Consumer Price Index (CPI) data from the Office of National Statistics (ONS) shows that households are spending less on goods, and more services, but the majority of this spending shift is attributed to property rentals, vehicle leasing and professional services. James Knightley, ING chief international economist delved deeper into consumer spending behaviour: “Back in 1988, goods accounted for 71% of the basket, now it is down to 52%”. James explained that this shift largely reflects the rising proportion of spending on household rentals and ‘miscellaneous services’, which include personal, legal, financial and social services. The index is based on approximately 180,000 price quotations a month for a sample of 800 goods and services, which are reviewed annually to reflect changes in consumers’ spending patterns.
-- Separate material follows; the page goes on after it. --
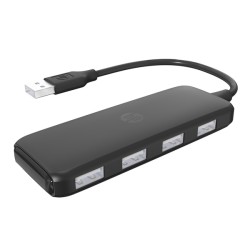 USB (2.0) hub 4-port, DHC-CT110C, černý, Hewlett-Packard, DOPRODEJ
Dr Tim Denison, director of retail intelligence at Ipsos Retail Performance adds weight to the argument saying that whilst there were shifts in spending habits, total retail spend as a whole hadn’t really changed in the last two decades according to official data: “Total consumer expenditure at current prices seasonally adjusted for the period 1998 to 2018 shows very little change in the amount households spend on retail (food and non-food combined). Back in 1998 I calculate it stood at 29.2% and twenty years later it is 30.0%.” This analysis on household final consumer expenditure (HHFCE) data is compiled from the ONS’s Living Costs and Food Survey, drawn from a UK sample of just under 6,000 households annually.

However, RTT members also seek counsel from alternative sources in exploring where the ‘consensus’ that a shift in spend taking place has come from. ONS data suggest the trend towards experiences appears to be marginal, but the reality we find ourselves in today tells a different story. “It’s no secret that the way money is being spent has changed, with people electing to spend increasingly on experiences, and more frequently of late, opting to forego material objects.” said James Sawley, head of retail & leisure at HSBC UK. These comments were backed up by multiple sets of spending data issued by credit card companies. Tim Denison added: “In a 2017 release, Barclaycard declare ‘spending on physical goods continued to slow, with expenditure on household items dropping 1.2% year-on-year.’ It identified that entertainment growth was running at 6.8% year-on-year and pub and restaurant spending was climbing by 13.6% and 11.4% respectively.”

The RTT concluded that there seem to be conflicts in the different data sources, and members questioned whether the conflict in narratives is exacerbated by the way that spending is classified. Paul Martin, UK head of retail at KPMG and co-chair of the RTT, said: “It is clear to say that consumer spend has evolved over the last decades and is becoming increasingly diversified. This is reflected by the plethora of data sources available, which in my opinion at times deliver increasingly conflicting messages, as ultimately the changing consumer landscape means we are not really comparing like-for-like. Retail as a service, retail experience alongside product-centric retailers and of course brands that blur the lines of a traditional offering are all commonplace today. What is pivotal though and the route to success is understanding the size and shape of each consumers wallet and how the spend is being allocated and what factors are driving this spend.”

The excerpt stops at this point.